In The Wall Street Journal Nicholas Carr has a bizarre but unsurprising op-ed, How Smartphones Hijack Our Minds:
Research suggests that as the brain grows dependent on phone technology, the intellect weakens. By the title, you can immediately pick out tells that should induce skepticism. “Research suggests” is usually indicating that the author has a hypothesis, and they went and searched the literature for research that confirmed their hypothesis. Carr actually did better than much of modern journalism. He found peer-reviewed literature, instead of quote mining, or selective elisions. Journalism, you have a story to tell, and you’ll make someone else tell it!
And to his credit, Carr cites the publications transparently, with links. Unfortunately, you see that in some cases the sample sizes are very small, and the statistical significance is marginal. In other instances, it doesn’t seem like there’s any real causality. One can’t know if there is a confound with who decides to take phones to class and who does not. It may be that those students who are very focused simply don’t take their phones. Finally, a lot of the research cited in the piece looks like it was sliced and diced to me.
This is where a little history and cognitive neuroscience would go a long way. Traditionalists have inveighed against new information technologies for the whole history of the human race. No doubt when complex syntax emerged some spoiled-sport argued that it was being abused to gossip and waste time.
Most people know that some of the ancient Greeks worried that the spread of literacy was eroding the power of memory. Less well known is that the printing press helped usher in the final decline of the art of memory.
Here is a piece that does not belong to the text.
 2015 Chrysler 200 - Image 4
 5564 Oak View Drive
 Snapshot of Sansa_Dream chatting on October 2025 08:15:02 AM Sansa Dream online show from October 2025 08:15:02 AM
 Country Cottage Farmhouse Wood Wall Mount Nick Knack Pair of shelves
And literacy does rewire our brains. In Reading in the Brain Stanislas Dehaene outlines just how certain regions of the brain focused on shape perception are co-opted to recognize letters effortlessly. This may not be without cost. Muhammed Ali was semi-literate, in part due to dyslexia, and a recent biographer has argued that he had better visual-spatial abilities in part because he didn’t waste his attention and focus on learning to read instinctively.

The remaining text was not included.